Christmas away from home does involve some compromising, some improvising, and for me, some music-stand devising.
It's a shoebox music stand. Go to a strange city, buy shoes, and you get a music stand, free! (Robert calls this “chick logic.”)
Though I knew my entire schedule would be thrown out of wack, I did bring a fiddle to Orlando so that I could practice. I'm learning Pag Caprice No. 4, and I'm considering that deal with the devil. Does anyone know the devil's e-mail address? If I take the deal, will I really be able to whip up and down the fingerboard in a perfect sequence of tenths? How did Nicolo work this?
But I digress; the topic here is Christmas, and here I am contemplating a potentially fiery future.

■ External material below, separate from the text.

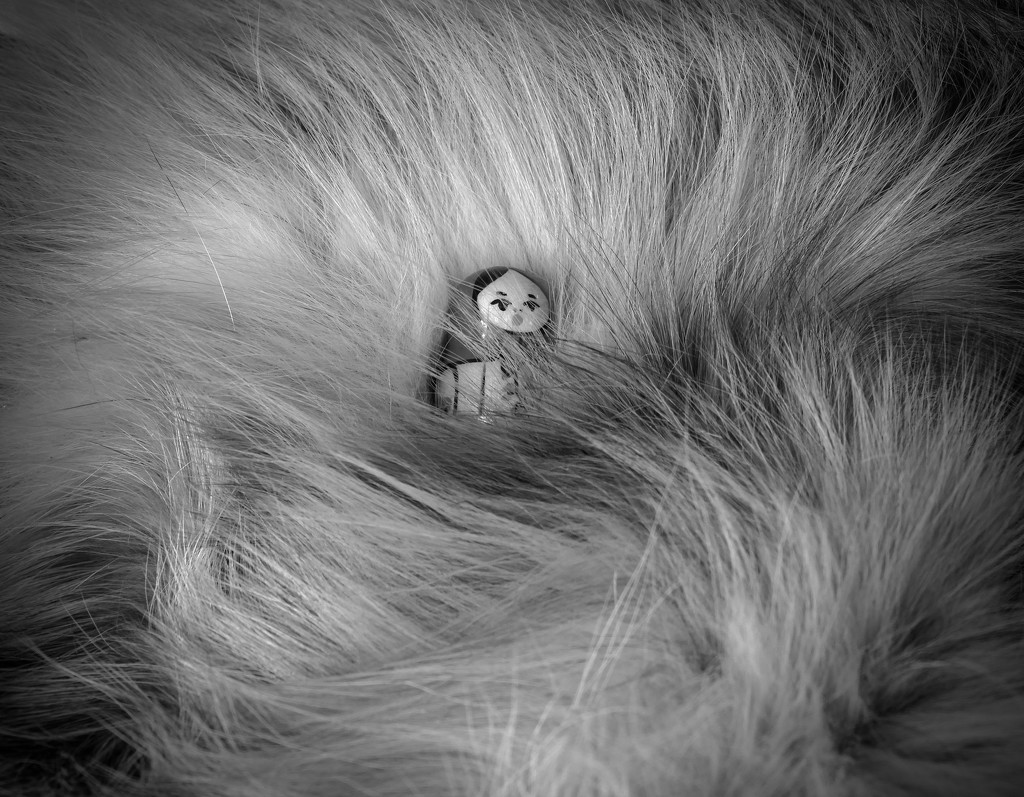Matryoshka doll meets Silver Fox! by maggiemae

Christmas is about babies, and traveling enormous distances to see them. That is what we are doing this year; we flew from LA to Orlando to meet a baby:
Hannah!
She is my new niece; Robert's sister's new baby and my children's only cousin. We brought her little clothes and drawings from the kids, a stuffed Pooh bear, etc. We love her madly, just because she exists.
And that is all I shall say about Christmas, other than have a great day today, whatever you celebrate!
Robert and I like to throw a holiday “Cookie Party” every year for the kids, our (mostly non-musician) friends and my students, with hundreds of cookies made by me along with lots of awesome food made by Robert.
Last year, the party turned into a kind of spontaneous sing-along, so this year we decided to make it official. We told everyone that we'd also be having a little holiday jam session, so bring your ax. Then everyone said, “Bring my ax?” and I said, “Just bring your instrument, or at least, I'm going to make you sing!”
So we had: violins, a viola, a cello, mandolin, several flutes, clarinet, guitars and a number of small pianists. My daughter played a quiet guitar rendition of “Up on the Housetop.” Robert even got out his viola! One of my smallest violin students played “Jingle Bells” on the piano. “I only know part of it,” she said, so the rest of us filled in for the more challenging “dashing through the snow” part. One of my students and her cello-playing sister brought a book of holiday trios and played from that. I played “Meditation from Thais,” while my good friend Trina, a professional cellist and Suzuki cello teacher, accompanied on a quarter-size cello, along with Carrie, another professional violinist who has been helping me teach this semester.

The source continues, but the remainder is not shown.